#### [WHAT THE TASK ASKS]
Below are records to retype exactly, except for the pictures.

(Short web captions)
____________

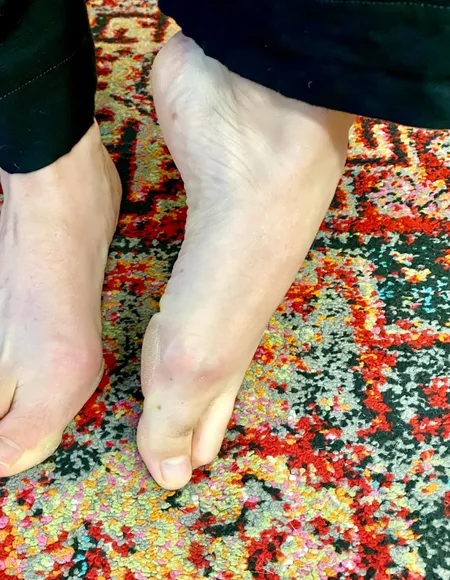 Hallux Valgus Vixen profile photo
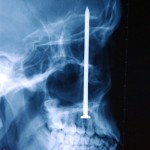 Nail Gun X-Ray Accident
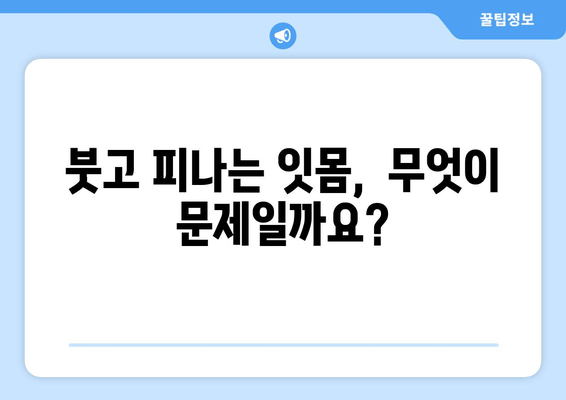 잇몸 붓기와 출혈, 이렇게 대처하세요! | 잇몸 질환, 치료, 예방, 관리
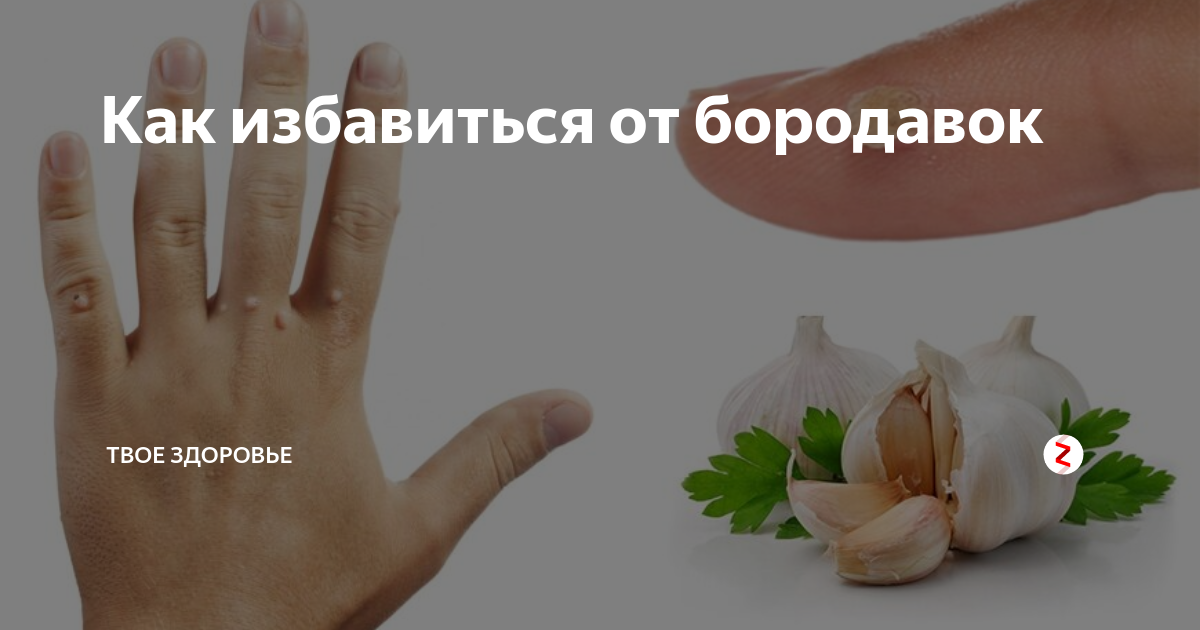 Чем лучше лечить подошвенную бородавку у ребенка: фото, лечение и удаление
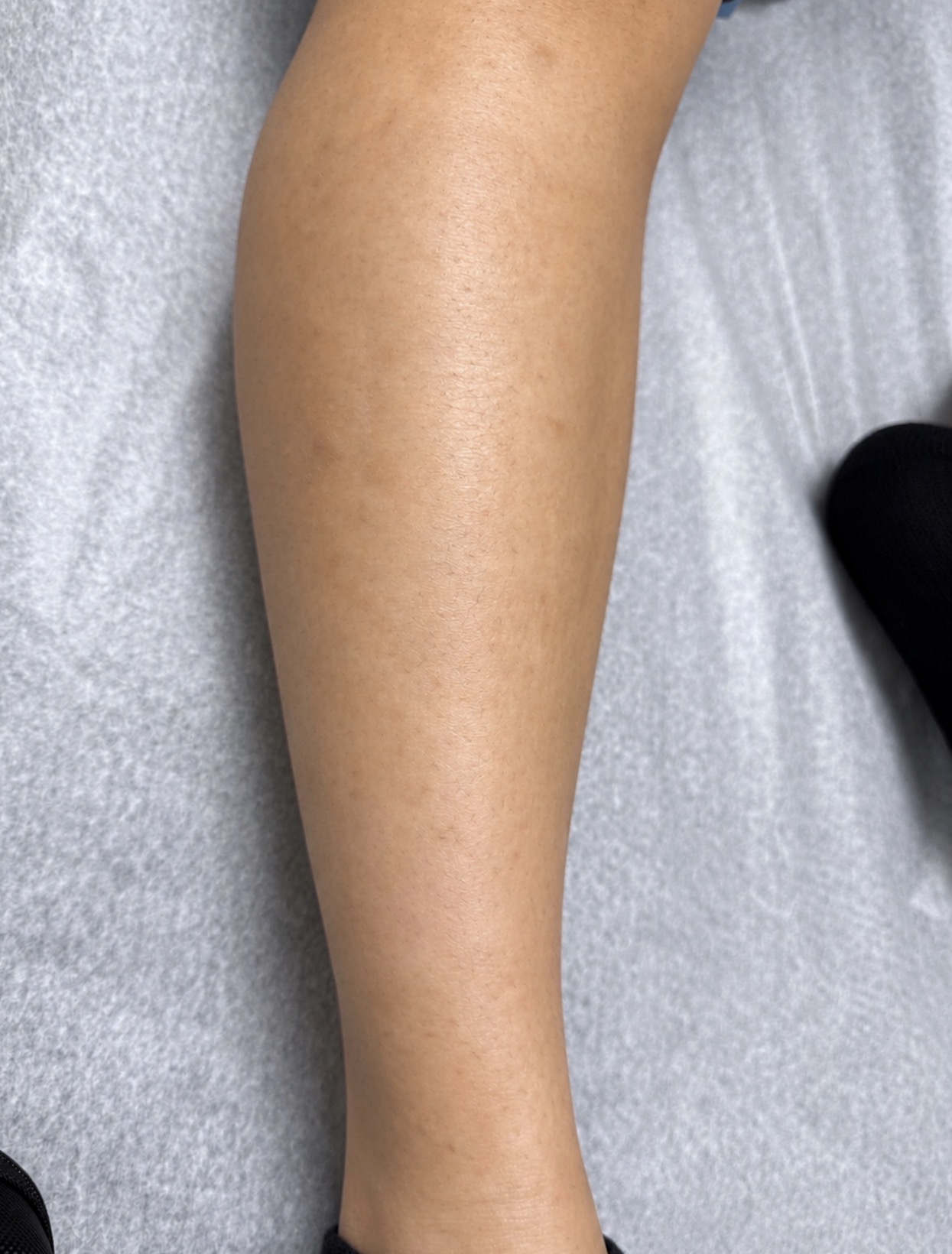 Laser Hair Removal after result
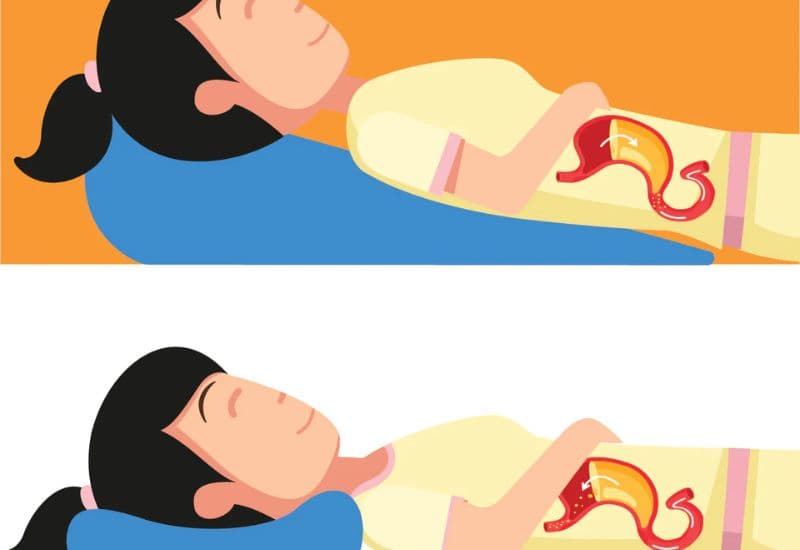 Thay đổi lối sống giúp ngăn ngừa ợ nóng trào ngược dạ dày tái phát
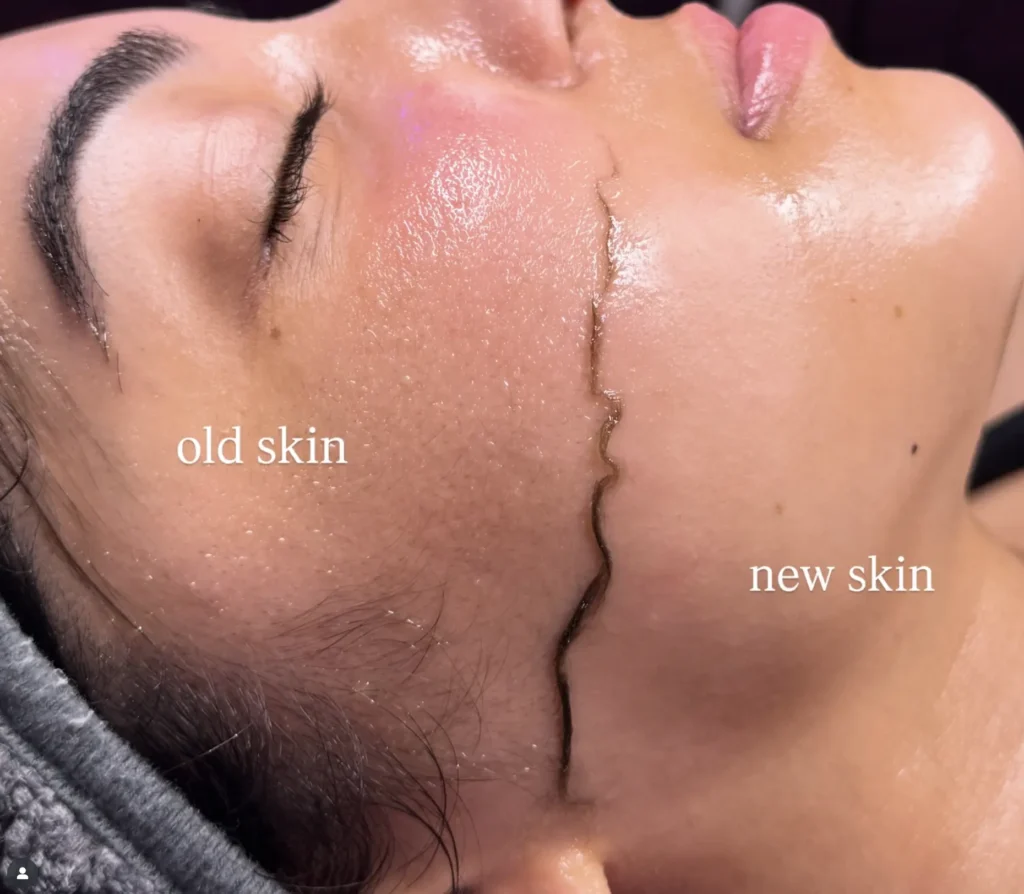 Skinimalism Meets Pro-Tools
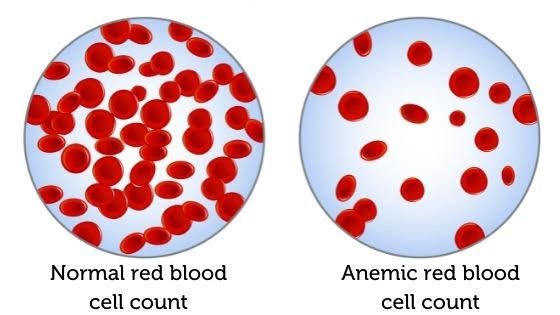 The most popular warning signs of nutritional deficiency is anemia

____________

#### [TASK RESPONSE]
 Hallux Valgus Vixen profile photo
 Nail Gun X-Ray Accident
 잇몸 붓기와 출혈, 이렇게 대처하세요! | 잇몸 질환, 치료, 예방, 관리
 Чем лучше лечить подошвенную бородавку у ребенка: фото, лечение и удаление
 Laser Hair Removal after result
 Thay đổi lối sống giúp ngăn ngừa ợ nóng trào ngược dạ dày tái phát
 Skinimalism Meets Pro-Tools
 The most popular warning signs of nutritional deficiency is anemia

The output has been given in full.